St. Paul’s joins suit against Episcopal Church

  • Thursday, January 17, 2013

The Church of the Epiphany on Central Avenue. LESLIE CANTU/JOURNAL SCENE

St. Paul’s Summerville announced last week it had joined with the Diocese of South Carolina and more than a dozen parishes in suing the Episcopal Church to maintain ownership of its property.
St. Paul’s occupies 10 acres in the heart of Summerville, land that the Rev. Mike Lumpkin, rector of the church, estimates at a $20 million value and that has been in the parish’s hands since the 1820s.

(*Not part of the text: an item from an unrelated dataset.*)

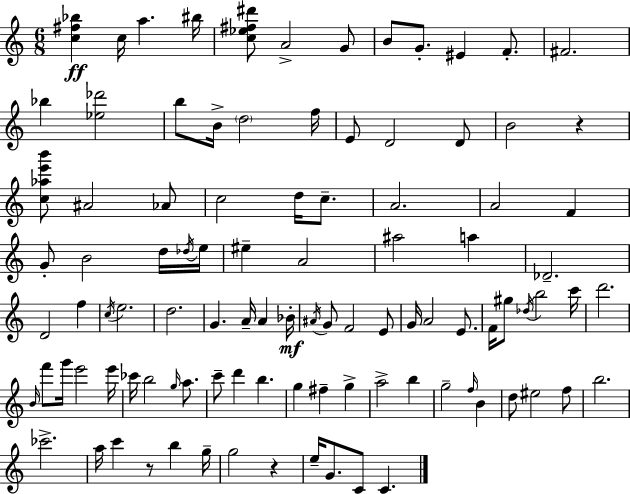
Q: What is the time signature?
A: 6/8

The parish’s roots go much further back, however. Lumpkin said the parish was established, and still owns property, on the Stono River in 1707, and migrated inland as the population moved.
It was the first church in Summerville by a few months, he said.

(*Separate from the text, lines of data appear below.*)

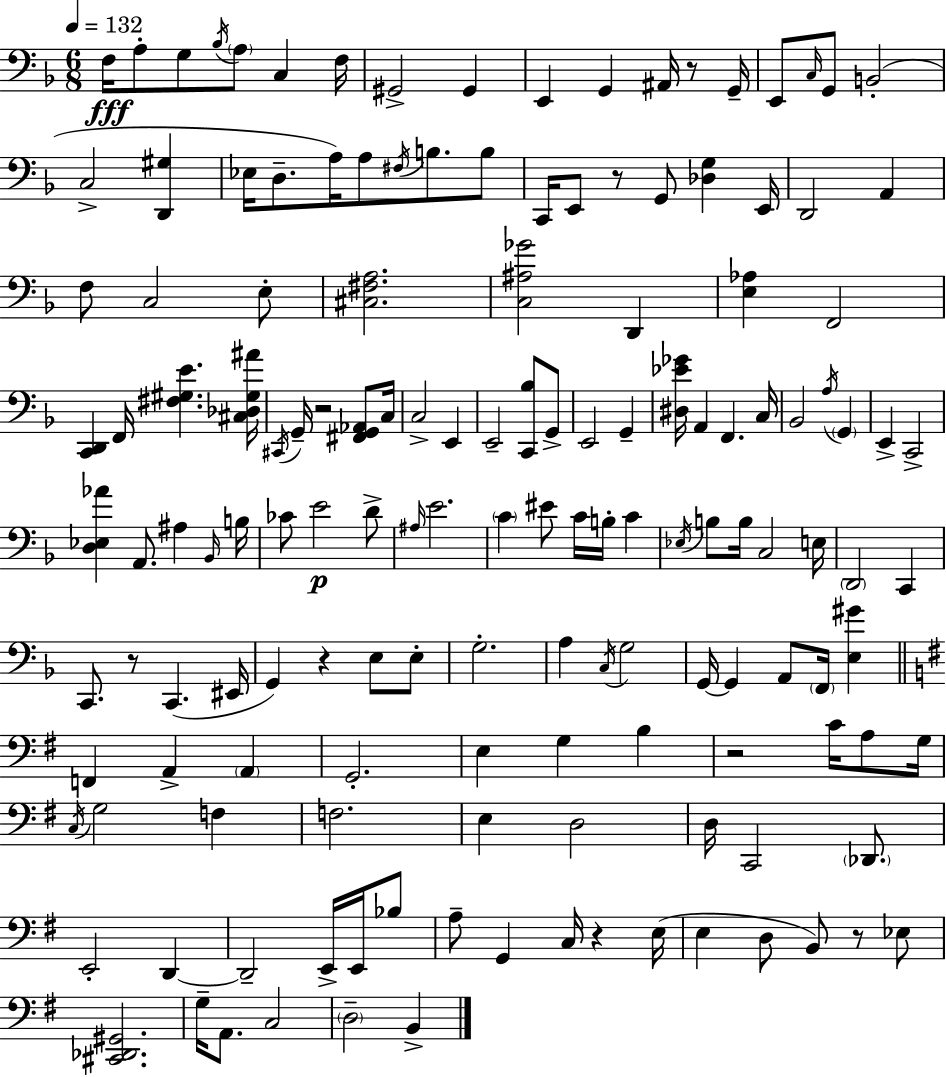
{
  \clef bass
  \numericTimeSignature
  \time 6/8
  \key d \minor
  \tempo 4 = 132
  f16\fff a8-. g8 \acciaccatura { bes16 } \parenthesize a8 c4 | f16 gis,2-> gis,4 | e,4 g,4 ais,16 r8 | g,16-- e,8 \grace { c16 } g,8 b,2-.( | \break c2-> <d, gis>4 | ees16 d8.-- a16) a8 \acciaccatura { fis16 } b8. | b8 c,16 e,8 r8 g,8 <des g>4 | e,16 d,2 a,4 | \break f8 c2 | e8-. <cis fis a>2. | <c ais ges'>2 d,4 | <e aes>4 f,2 | \break <c, d,>4 f,16 <fis gis e'>4. | <cis des gis ais'>16 \acciaccatura { cis,16 } g,16-- r2 | <fis, g, aes,>8 c16 c2-> | e,4 e,2-- | \break <c, bes>8 g,8-> e,2 | g,4-- <dis ees' ges'>16 a,4 f,4. | c16 bes,2 | \acciaccatura { a16 } \parenthesize g,4 e,4-> c,2-> | \break <d ees aes'>4 a,8. | ais4 \grace { bes,16 } b16 ces'8 e'2\p | d'8-> \grace { ais16 } e'2. | \parenthesize c'4 eis'8 | \break c'16 b16-. c'4 \acciaccatura { ees16 } b8 b16 c2 | e16 \parenthesize d,2 | c,4 c,8. r8 | c,4.( eis,16 g,4) | \break r4 e8 e8-. g2.-. | a4 | \acciaccatura { c16 } g2 g,16~~ g,4 | a,8 \parenthesize f,16 <e gis'>4 \bar "||" \break \key g \major f,4 a,4-> \parenthesize a,4 | g,2.-. | e4 g4 b4 | r2 c'16 a8 g16 | \break \acciaccatura { c16 } g2 f4 | f2. | e4 d2 | d16 c,2 \parenthesize des,8. | \break e,2-. d,4~~ | d,2-- e,16-> e,16 bes8 | a8-- g,4 c16 r4 | e16( e4 d8 b,8) r8 ees8 | \break <cis, des, gis,>2. | g16-- a,8. c2 | \parenthesize d2-- b,4-> | \bar "|."
}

That first church building had to be torn down as it was termite-riddled, he said, and the current sanctuary, built to replace it, dates to 1857.
In October, after more than two centuries as a founding member of the national Episcopal Church, the Diocese of South Carolina disaffiliated itself from the national church after the national church charged Bishop Mark Lawrence with abandonment.
St. Paul’s decided to remain with the Diocese of South Carolina.
“We have been anticipating the possibility of this for at least the past year and a half,” Lumpkin said.
He said there were full congregational meetings in December 2011 and then in the spring of 2012 to keep parishioners apprised as the drama ramped up.
“We are less and less comfortable with what the Episcopal Church holds up as authoritative,” he said.
The line was finally crossed last summer, when the national convention approved a rite for same-sex marriages.
The lawsuit is seeking a declaratory judgment to protect diocesan and parish property, to prevent the national church from using the diocesan seal and other protected marks, and to prevent the national church from “assuming the Diocese’s identity.”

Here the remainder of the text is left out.